Recordo com gratidão um bom amigo, o Prof. João Sampaio, de Zedes, Carrazeda de Ansiães, jornalista, Inspetor do Ministério da Educação, uma voz da região [+ 25-07-2020], que fundou e dinamizou a página eletrónica “CT - Correio Transmontano”. O Prof. Sampaio, fez do jornalismo um ato de terapia e cidadania, sempre presente onde outros órgãos de informação não conseguiam estar. Ajudou-me imenso como prova o histórico “on-line” do “CT”. Tínhamos em comum, entre outros, o projeto da Confraria!
Oferecer uma Via-Sacra de rua, uma estátua do Papa Francisco, uma cruz alta, enquadrados num projeto ambientalmente sustentável, sintonizado com “o Papa mais ambientalista da história da Igreja Católica”, como se lhe reconhecia.
De todo o programa ficou a Via-Sacra de rua, estrutura artística executada em ferro tratado, do escultor brigantino João Ferreira, inspirada no modelo bíblico do Papa Francisco para o Coliseu de Roma em 2017, conferindo atualidade à clássica, ancestral e, artística capela.

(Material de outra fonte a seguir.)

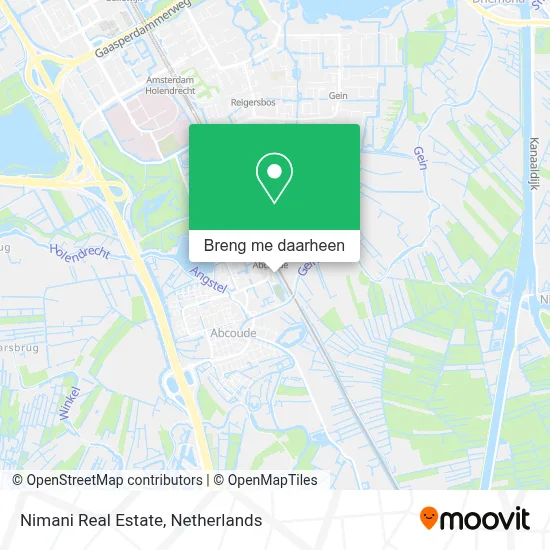 Nimani Real Estate kaart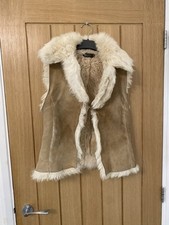Nurseys sheepskin gilet , size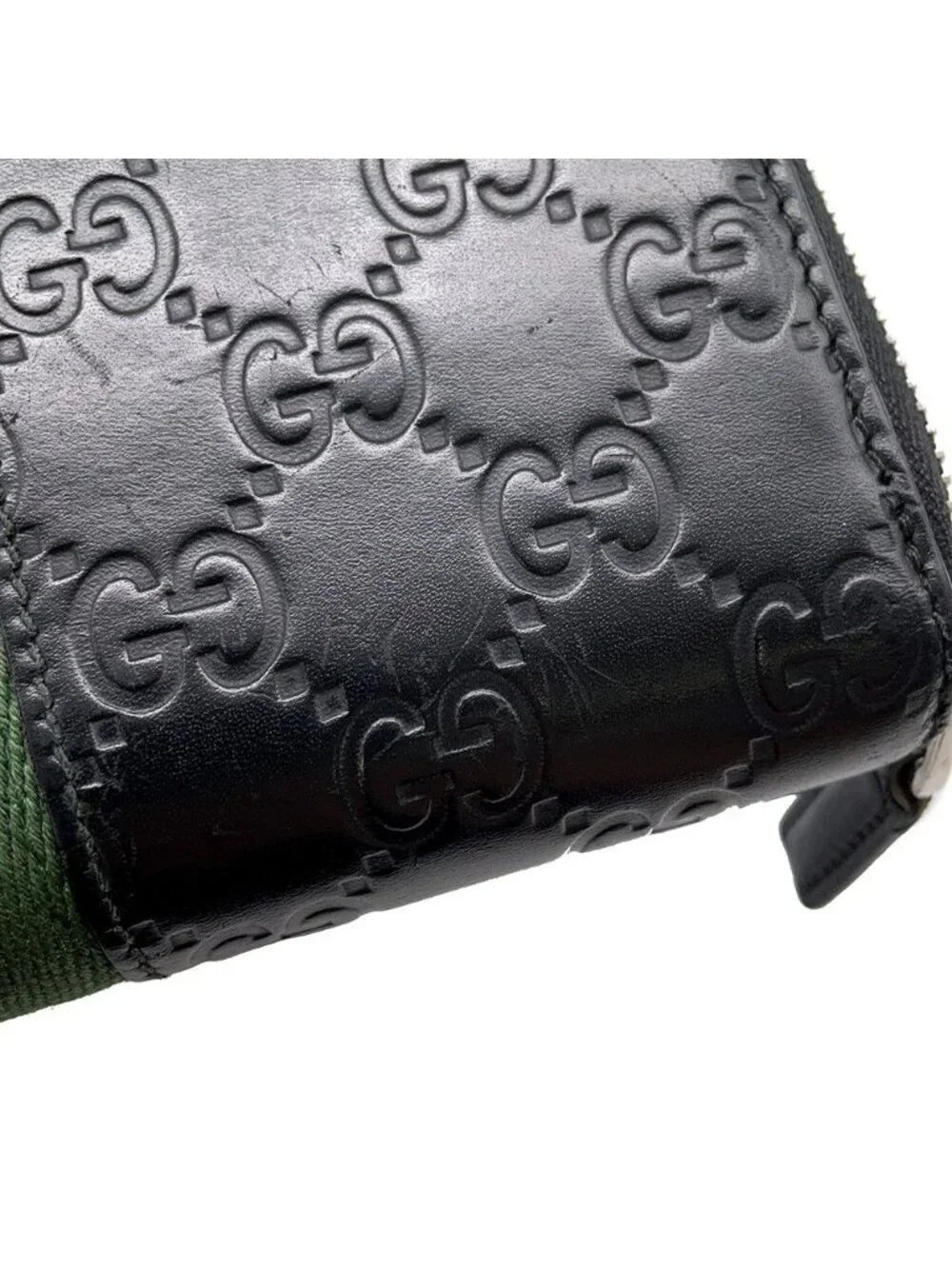Gucci Wallet GG Supreme Signature New Web Sherry Line Black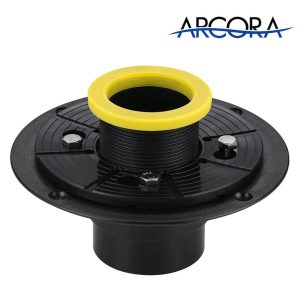 ARCORA 2-Inch ABS Shower Drain Base for Square & Linear Shower Drain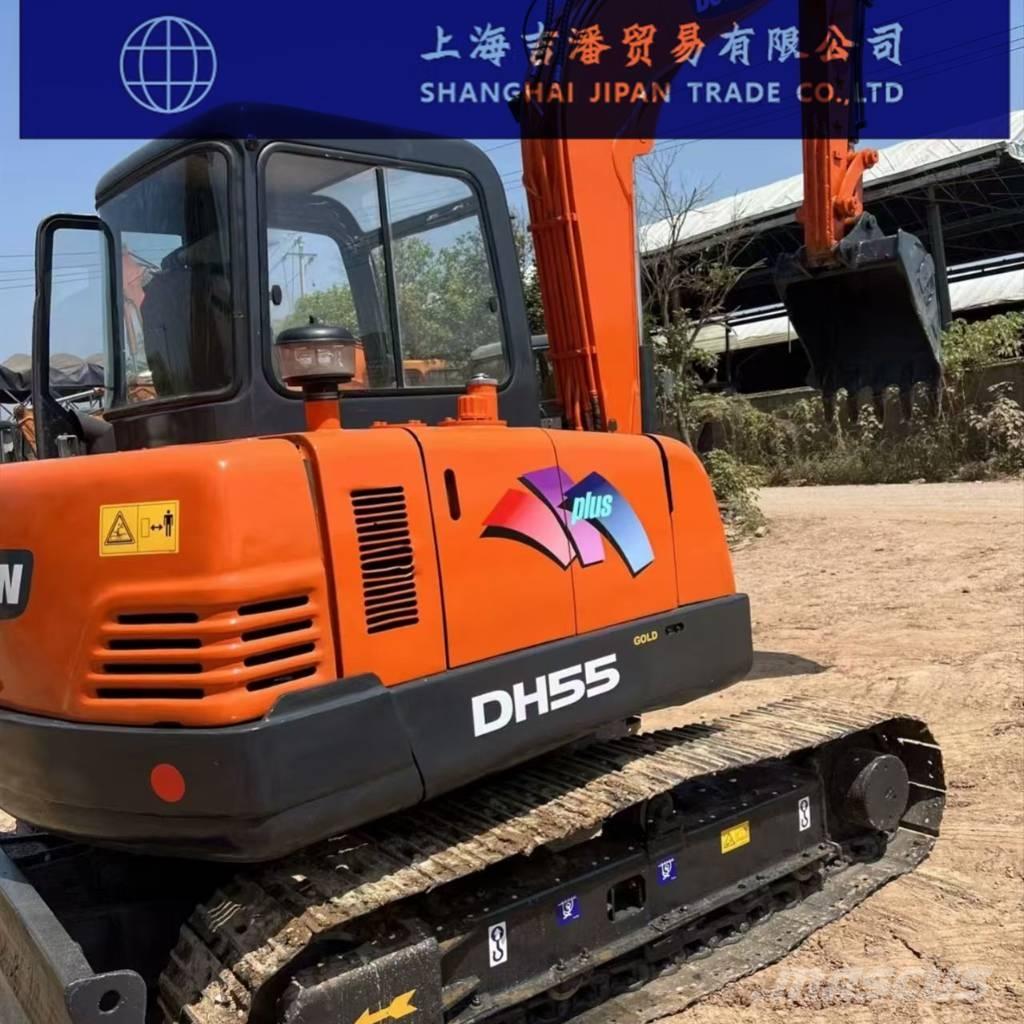 Doosan DH 55 Mini rýpadlá < 7t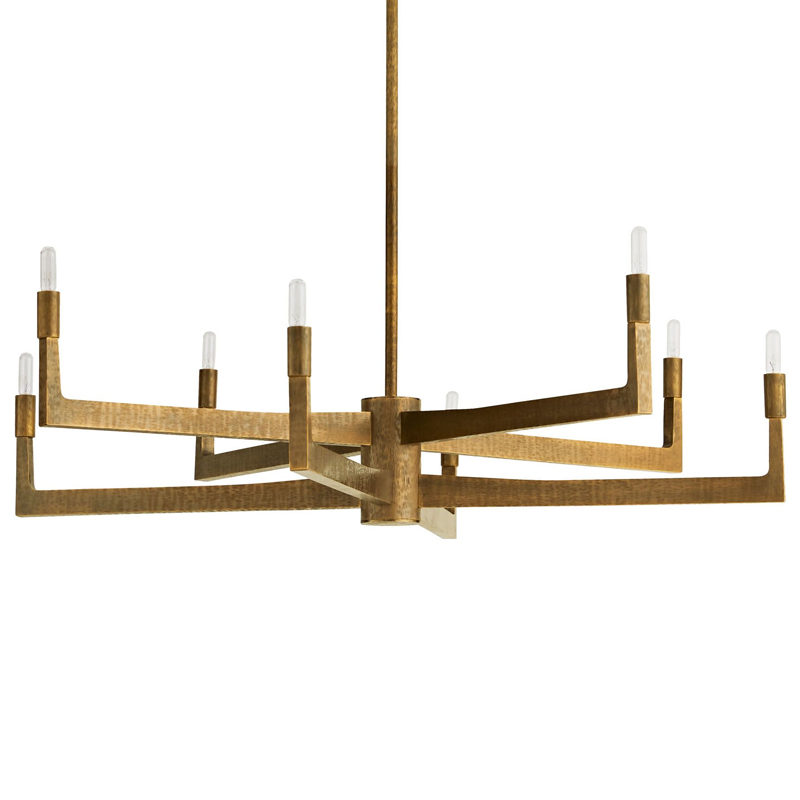 Люстра Arteriors GRIFF CHANDELIER Золотой Латунь в Уфе | Loft Concept 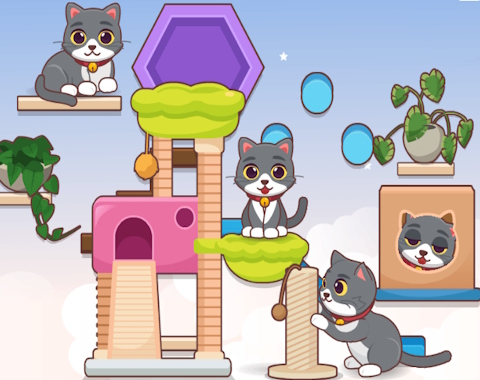 Spill Dekor min: Kitty vegg  online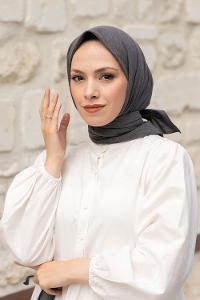 Lamelif Keten Eşarp Füme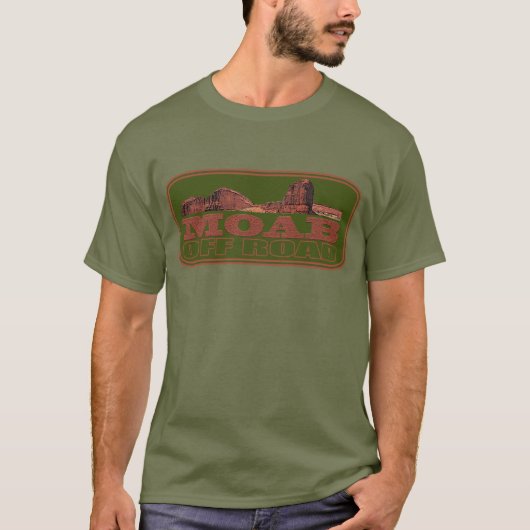 T-SHIRT MOAB HORS ROUTE PAR EKLEKTIX GEAR (Devant)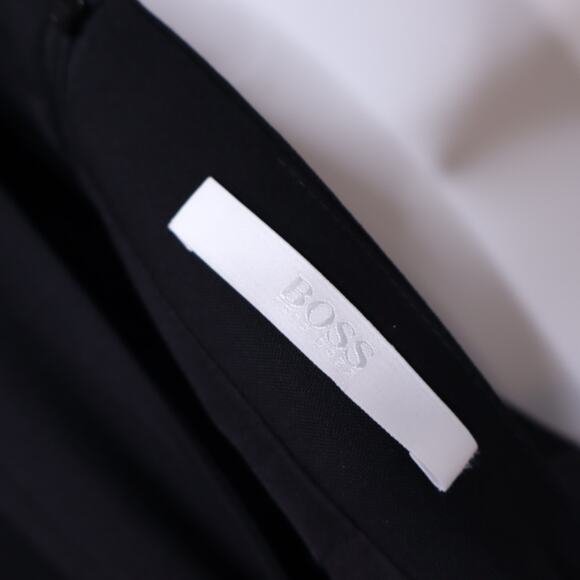 BOSS Hugo Boss Black Summer Wool Pencil Skirt Slim Fit Lined Women's 6 - Picture 11 of 13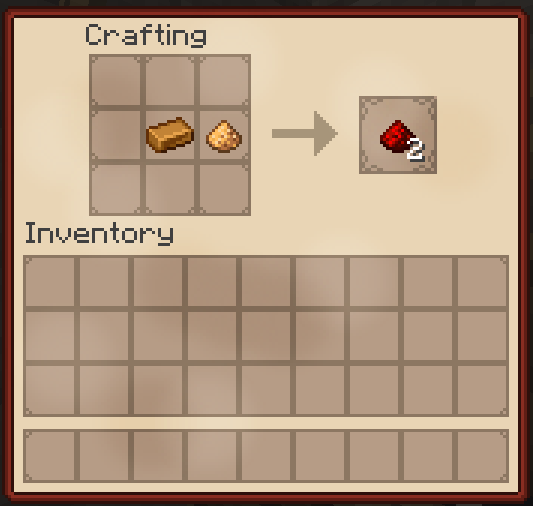 Redstone recipe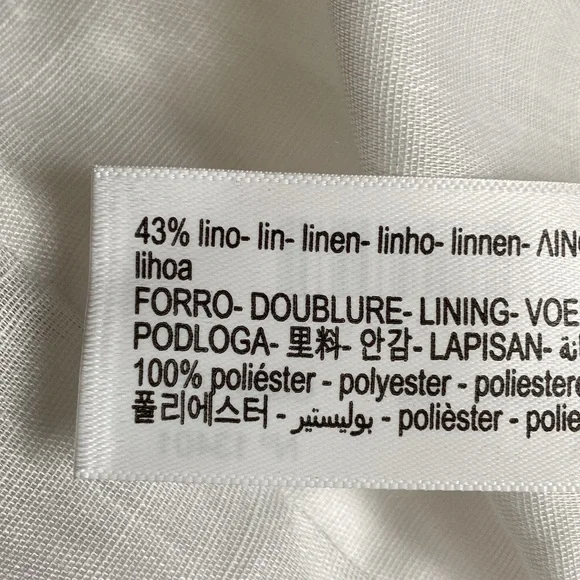 NWT. Massimo Dutti White Midi Dress with Criss-Cross Detail at the Back. Size S. - Picture 10 of 12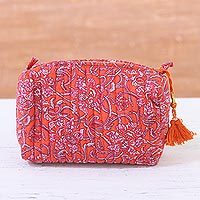 Cotton cosmetic bag,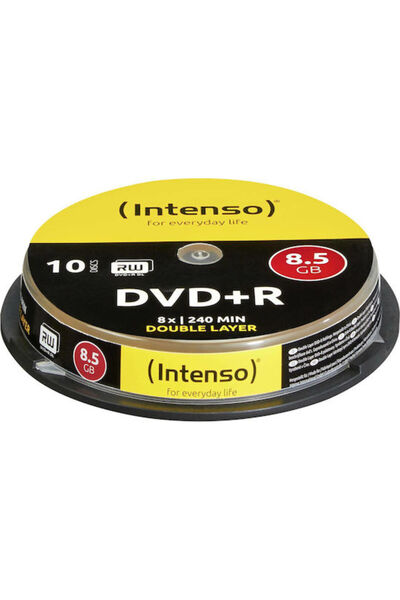 Intenso Εγγράψιμα DVD+R 8x Dual Layer 8.5GB Cake Box 10τμχ (4311142)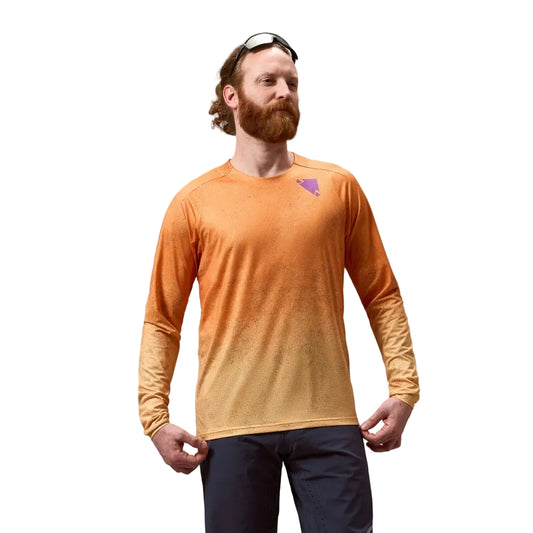 ENDURA SINGLETRACK PRINT Long Sleeve End Orange Jersey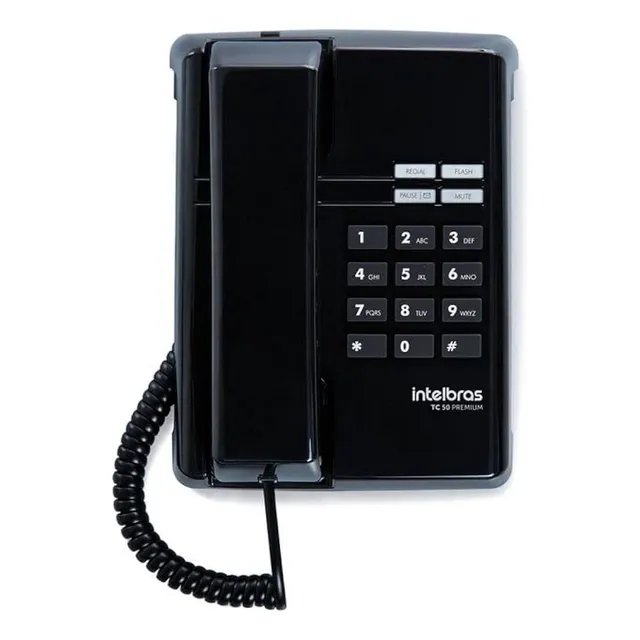 Intelbras Teléfonos Tc50 Analógicos Nuevos Para Mesa O Pared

Por trás está o anteprojeto de José da Fonte que visa adaptar um espaço para arquivo da Confraria, requalificar o jardim, aproveitar os recursos hídricos e eólicos, para usos sanitários, rega, iluminação e aquecimento, requalificar e adaptar estruturas edificadas, repovoar o adro com árvores autóctones, criar pontos de recolha seletiva de lixo, um espaço de compostagem, entre outros, tudo isto inspirado na carta encíclica “Laudato Si”, do Papa Francisco, na defesa do ambiente.
A intervenção merece continuar pela história, arte, ambiente e paisagem, começando pela escultura do Papa Francisco. Em vida “o Papa exigiu a retirada da sua estátua da catedral de Buenos Aires por ser contra o culto da personalidade”. Hoje, no 1.º aniversário da sua morte [21-04-2025], a estátua impõem-se por respeito, para com o 267.º sucessor de Pedro. “O Papa do povo”, um “Papa dos nossos dias”, que remete para o ambiente, e para a sua salvaguarda, essa força bucólica que sobrepuja Bragança e, qualifica Cabeça-Boa. “Infelizmente, hoje, no nosso mundo inquieto, dilacerado e desfigurado por egoísmos e lógicas de poder, a arte representa, talvez mais que no passado, uma necessidade universal, enquanto fonte de harmonia e paz”, recorda-nos Francisco.
Impõem-se, por todo isto, continuar este projeto pela arte e pelo ambiente, a “arte uma beleza que faz bem à vida e cria comunhão”, como referiu, o Romano Pontífice, Francisco.